But for an administrator to then change those final grades—behind my back—simply to appease them? How could that possibly be justified?
The response from my department chair, who has been at the college for 17 years, floored me: “This has been occurring ever since I started at Spelman.”
“That’s corrupt,” I blurted out. [In a statement emailed to The Free Press, a Spelman spokesperson wrote that “The College, its administrators, and faculty, exercise appropriate judgment in the delivery of our exceptional learning and living activities in order to maintain consistency across Spelman’s campus.” Spelman declined to comment on any of the specifics in this story.]
More here.
The poor guy got fired in the end, for naively believing that the commitment to excellence meant grading fairly according to long-accepted standards.
Exact same thing happened to me . . . in 1988, at a so-called world class institution of higher learning, where it's all wink wink.
The process got turbocharged in the 1960s by the draft dodgers. They fled to college, or to Canada. Liberal institutions gave them a pass on admissions, and once there relaxed standards to keep them enrolled to escape being drafted. These ne'er-do-wells stayed in school as the Vietnam war dragged on.
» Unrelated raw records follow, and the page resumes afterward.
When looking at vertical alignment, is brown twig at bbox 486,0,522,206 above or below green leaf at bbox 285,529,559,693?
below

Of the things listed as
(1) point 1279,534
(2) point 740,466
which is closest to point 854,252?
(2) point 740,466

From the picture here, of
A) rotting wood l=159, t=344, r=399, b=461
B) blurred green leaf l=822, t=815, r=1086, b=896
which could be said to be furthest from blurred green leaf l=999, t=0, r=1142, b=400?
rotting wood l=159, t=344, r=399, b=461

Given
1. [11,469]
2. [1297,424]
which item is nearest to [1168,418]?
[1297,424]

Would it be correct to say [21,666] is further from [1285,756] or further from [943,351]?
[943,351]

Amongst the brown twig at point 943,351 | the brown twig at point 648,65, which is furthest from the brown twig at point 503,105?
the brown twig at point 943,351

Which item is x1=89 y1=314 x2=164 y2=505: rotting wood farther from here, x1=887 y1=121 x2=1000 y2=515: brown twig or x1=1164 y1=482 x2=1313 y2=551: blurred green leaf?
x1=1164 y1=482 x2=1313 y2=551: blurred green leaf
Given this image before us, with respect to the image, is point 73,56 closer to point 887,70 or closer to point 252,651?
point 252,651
Many went on to grad school as standards weakened some more. Rinse and repeat.
They are the ones who went on to educate today's hordes of complete lunatics now populating college campi.
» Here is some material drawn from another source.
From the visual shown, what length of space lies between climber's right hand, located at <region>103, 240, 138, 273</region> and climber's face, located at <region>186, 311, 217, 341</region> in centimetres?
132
Standards were lowered everywhere quite quickly from the 1960s, including at elite small religious colleges by the 1970s where stubborn professors with standards were already then not being renewed, the polite way of firing them.
We are reaping what we've sown.
The rot set in a long, long time ago, and it reflects why the country is in the sorry state it is.
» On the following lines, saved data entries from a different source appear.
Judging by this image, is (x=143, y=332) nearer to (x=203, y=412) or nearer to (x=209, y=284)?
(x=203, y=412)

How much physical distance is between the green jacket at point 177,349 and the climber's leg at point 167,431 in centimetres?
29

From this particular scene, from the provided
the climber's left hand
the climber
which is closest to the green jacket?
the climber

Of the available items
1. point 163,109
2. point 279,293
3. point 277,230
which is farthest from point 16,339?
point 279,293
It can't be fixed. The country as we know it will have to collapse first.
Three semesters of Latin used to be required to get into Harvard, let alone graduate from it. That standard was already under attack in 1917 in the name of "science". The widespread requirement of three semesters of college Latin was gone by the mid 1960s. Now you will be hard pressed to find any college requiring any foreign language at all to graduate. Princeton is now infamous for eliminating Latin and Greek for a degree in Classics, you know, the study of everything Greco-Roman.
The process has its own inertia producing this history. It's inherent in the thing we call America.